Exercise goal: Please make an exact transcription of the records, keeping the pictures out of it.

Given information:

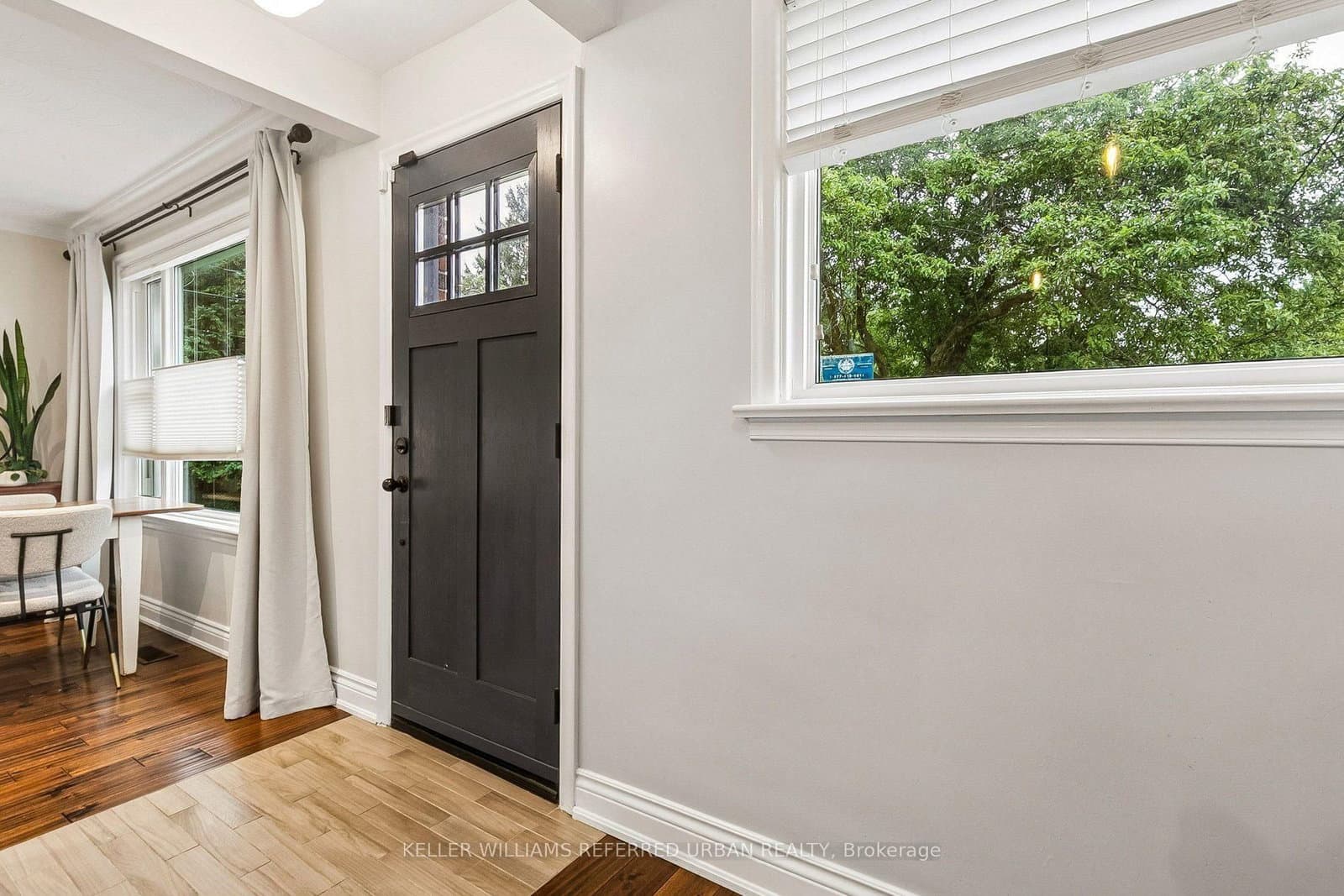 36 Vernadale Crescent thumbnail 4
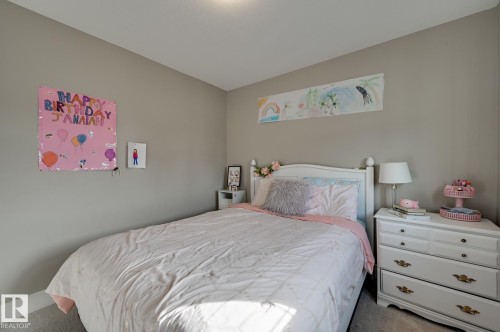 1564 36 Avenue, Edmonton, AB - Indoor Photo Showing Bedroom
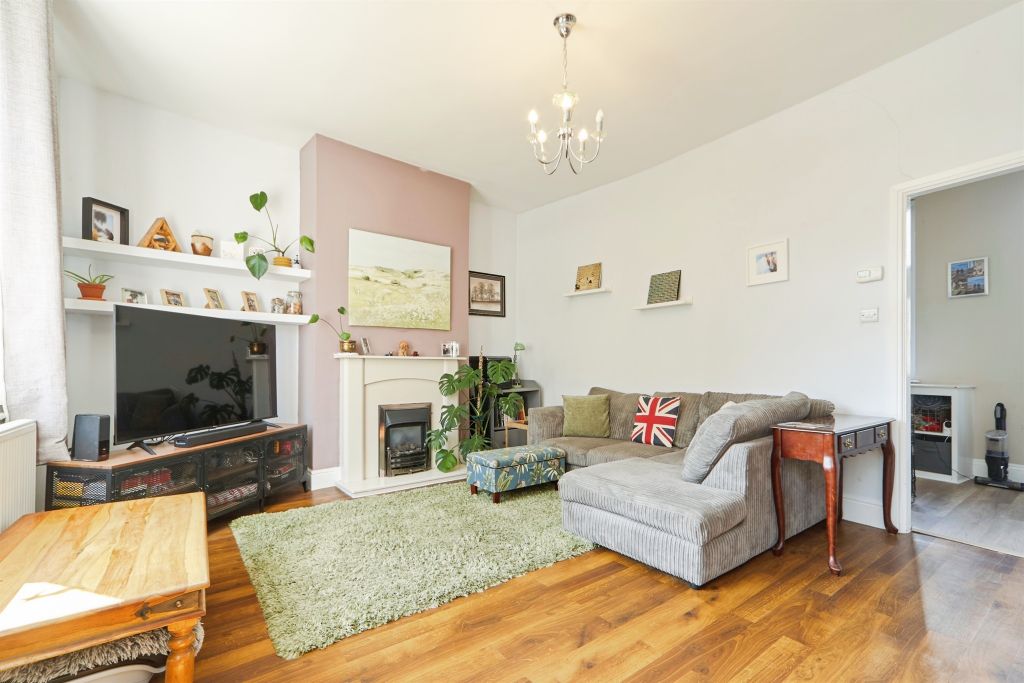 Property photo 2 of 17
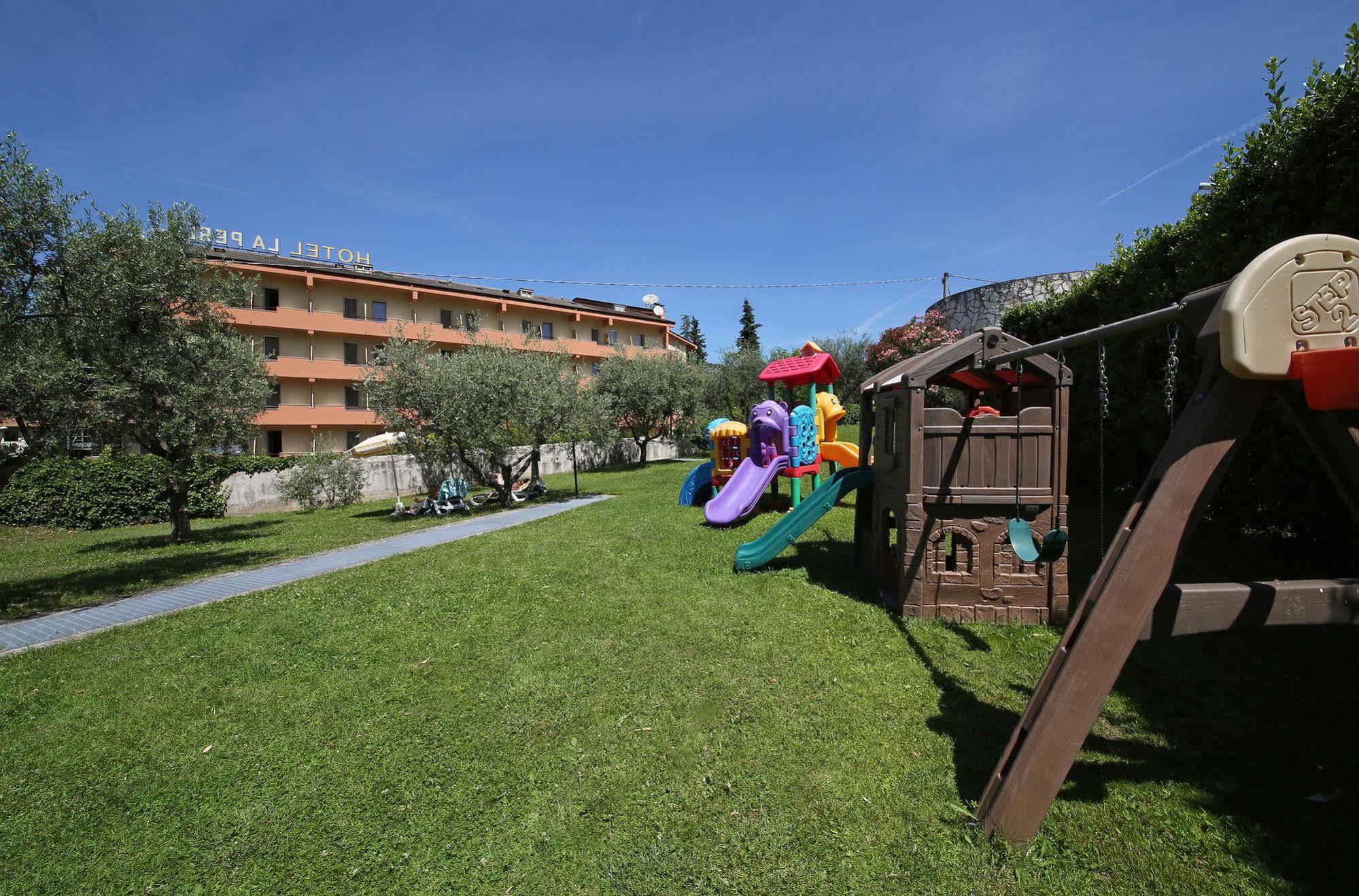 Hotel La Perla - Bike Hotel Гарда Экстерьер фото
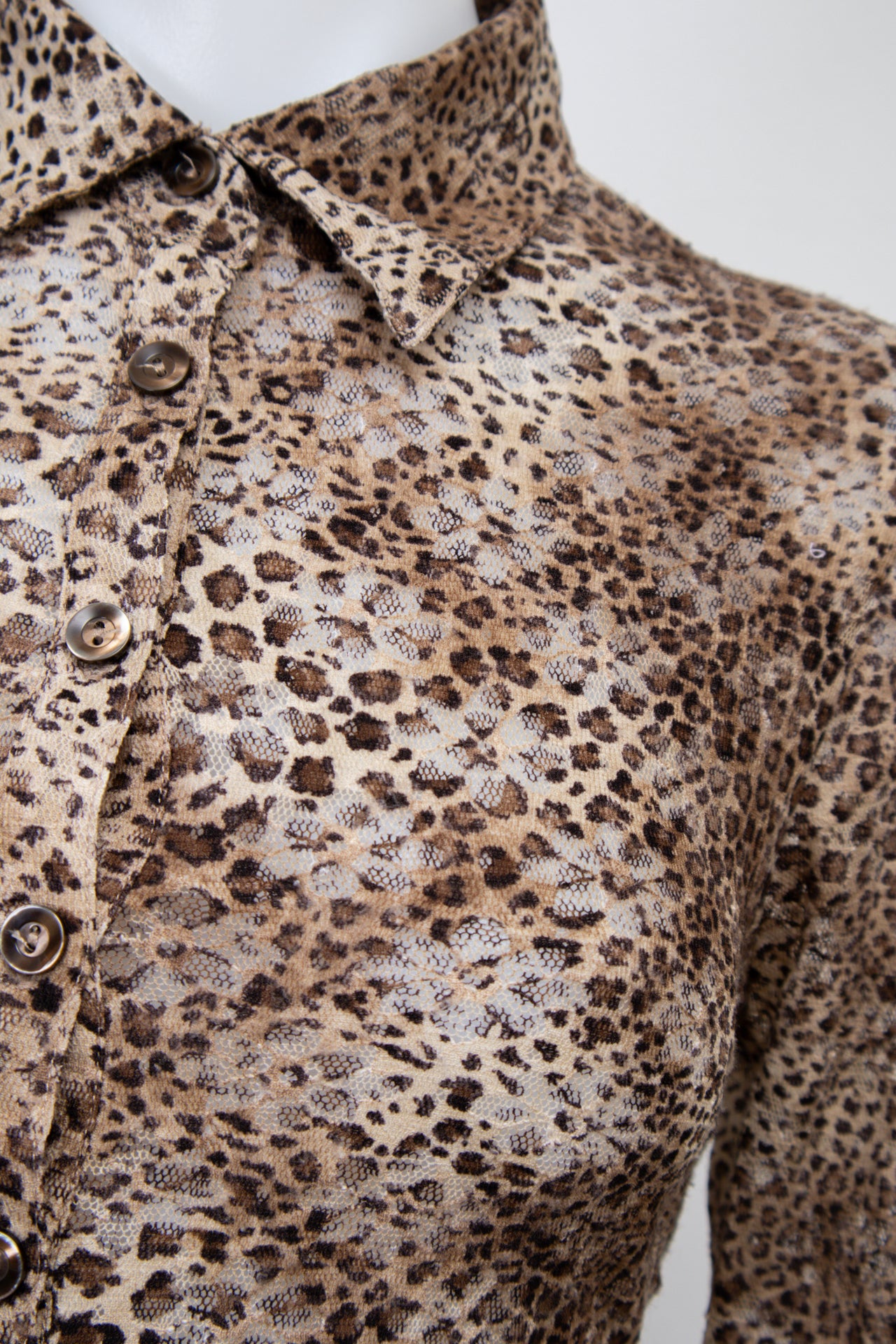 #072 Nine & Company T-shirt Brown | c. 200 | Size 8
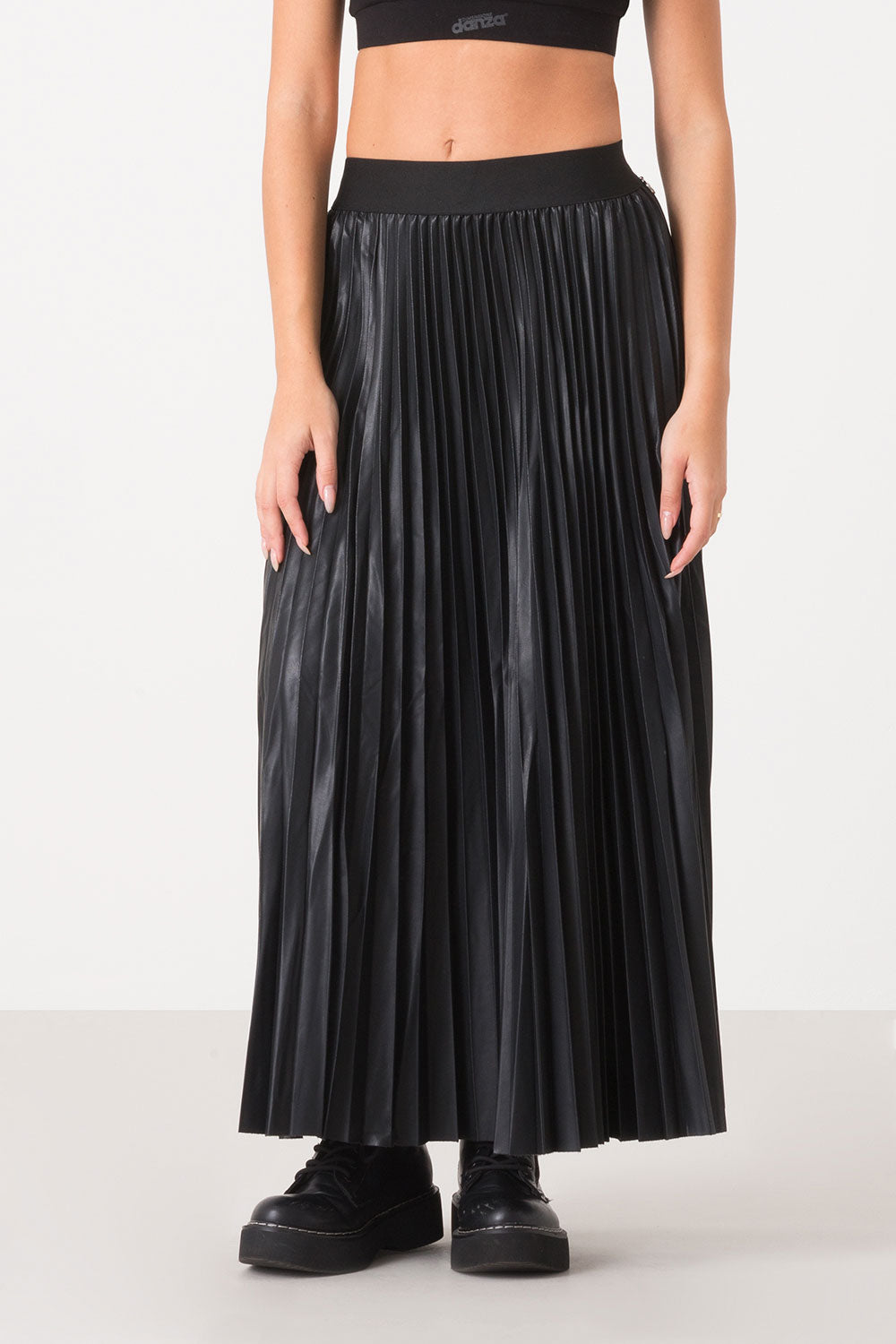 dimensione-danza-gonna-lunga-plissettata-in-eco-pelle image 1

Finished exercise:
 36 Vernadale Crescent thumbnail 4
 1564 36 Avenue, Edmonton, AB - Indoor Photo Showing Bedroom
 Property photo 2 of 17
 Hotel La Perla - Bike Hotel Гарда Экстерьер фото
 #072 Nine & Company T-shirt Brown | c. 200 | Size 8
 dimensione-danza-gonna-lunga-plissettata-in-eco-pelle image 1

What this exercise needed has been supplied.